## WORK TO BE COMPLETED
Only the lines from the one with "The funeral of" through the end of the material are wanted, copied exactly and with the pictures left out.

## EXERCISE DATA
= = = =

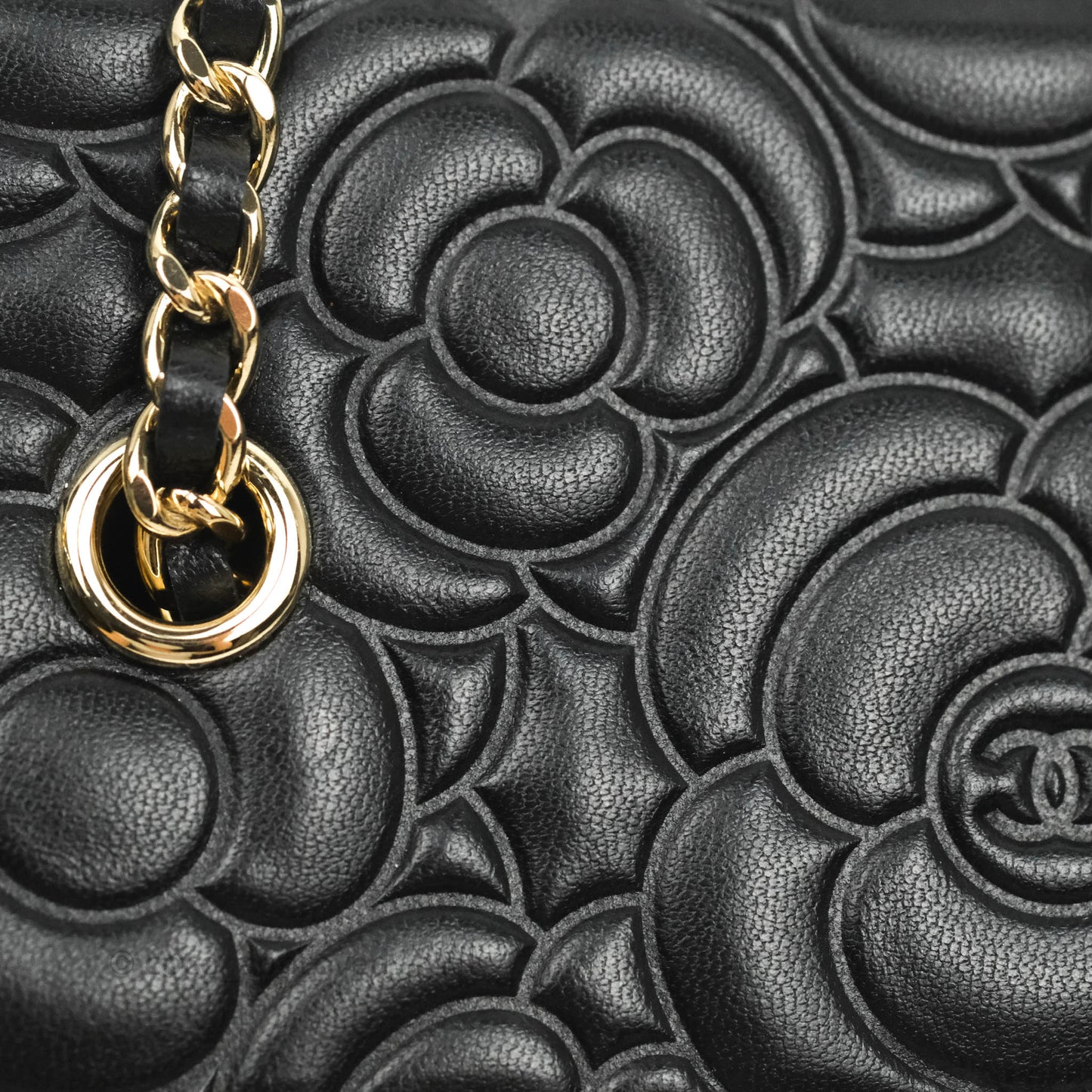 Chanel Vanity Rectangular Camellia Embossed Black Lambskin Gold Hardware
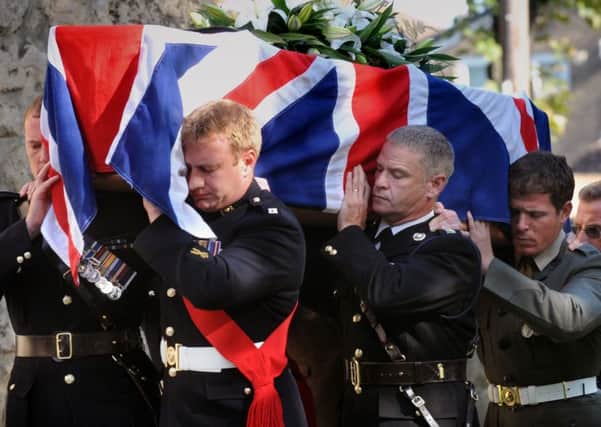 The funeral of former Royal Marine, Phillip Harris, which was held at St Andrew's Church in Roker.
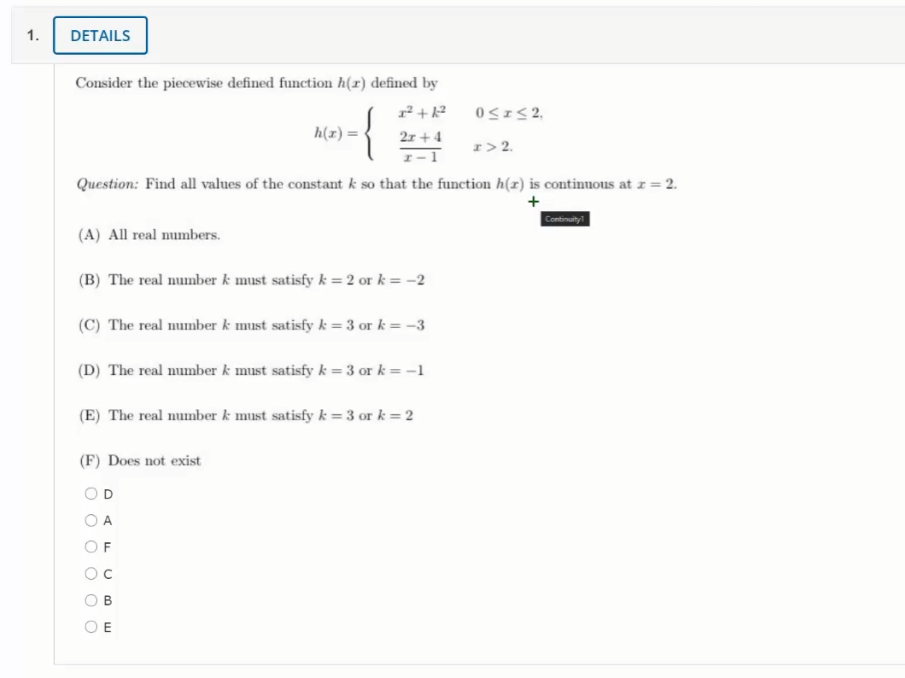Solved 1. DETAILS 1.{ Consider the piecewise defined | Chegg.com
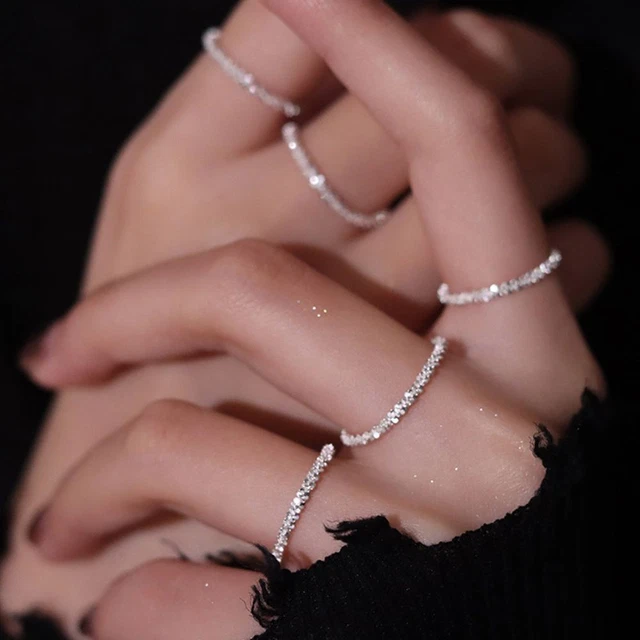 Simple Party Engagement Sparkling Ring Finger Ring Women Jewelry Wedding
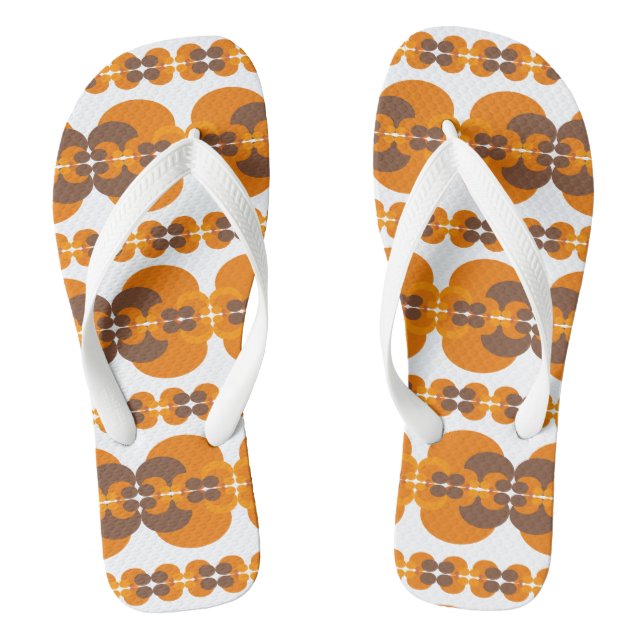 Retro Groovy 60's 70's Bubbles Pattern Jandals (Footbed)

= = = =

## RESPONSE TO THIS TASK
 The funeral of former Royal Marine, Phillip Harris, which was held at St Andrew's Church in Roker.
Solved 1. DETAILS 1.{ Consider the piecewise defined | Chegg.com
 Simple Party Engagement Sparkling Ring Finger Ring Women Jewelry Wedding
 Retro Groovy 60's 70's Bubbles Pattern Jandals (Footbed)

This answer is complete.